Synthesis analysis of the temperature sensitivity of soil respiration from laboratory studies in relation to incubation methods and soil conditions

The temperature sensitivity of soil respiration is a main factor determining the response of global terrestrial soil carbon to global warming and, consequently, its feedback on atmospheric CO2 concentrations. A data synthesis was performed to summarize information available in the literature on the temperature sensitivity of soil respiration obtained in laboratory soil incubations and expressed as Q10. The influence of common experimental variables and methods, i.e. range of incubation temperatures, length of incubation, calculation methods, and amounts of soil organic carbon, was analyzed. We found a small but significant difference between the Q10 values calculated with different experimental methods as well as time-related trends showing an initial decrease followed by stable values. Q10 values ranged from 0.5 to over 300 and were negatively correlated with temperature, but only at the range of temperatures below 25 °C. A similar dependence of the activation energy (derived from the Arrhenius equation) with temperature was observed. A negative relationship with total organic carbon content of soils was found in forest and grassland ecosystems, with an average decrease in Q10 of 0.02 mgC g−1 soil, explaining their slightly lower mean Q10s compared to cultivated soils.
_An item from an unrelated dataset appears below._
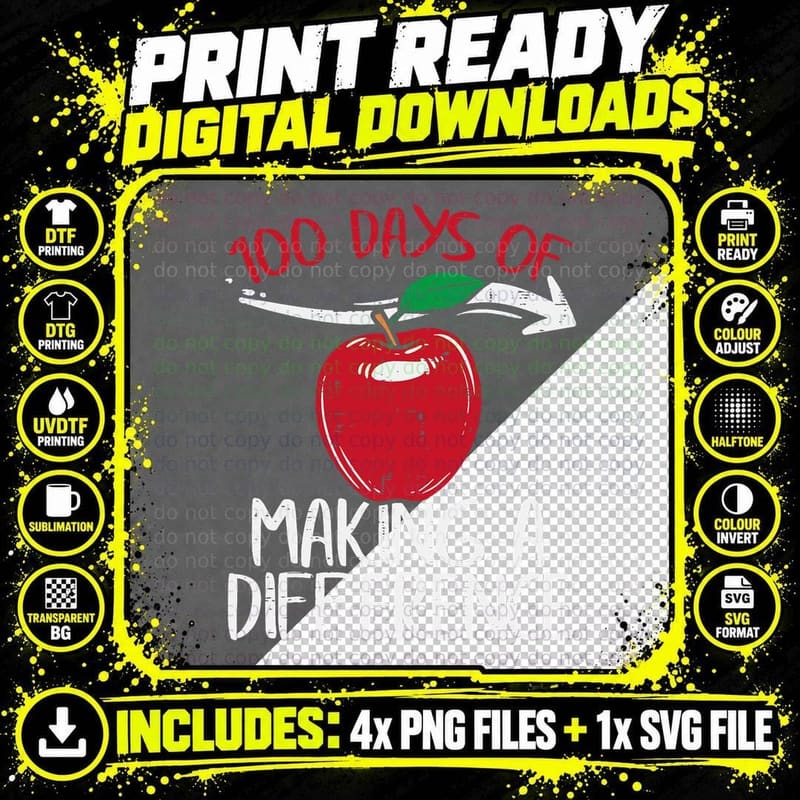 100 Days of Difference Apple 100th Day School Teacher Png SVG Digital Bundle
Because most of the observed variability remained unexplained, we emphasize the need for new approaches in future studies to the problem of understanding the temperature sensitivity of soil organic matter decomposition. ► Reported Q10 values show differences related to the method of incubation. ► A significant decrease in the average Q10 is related to short incubation times. ► Below 25 °C both Q10 and Ea decrease with incubation temperature. ► Q10 decreases with amounts of soil organic carbon in forests and grasslands. ► Q10 was slightly lower for forest and grassland than for cultivated soils.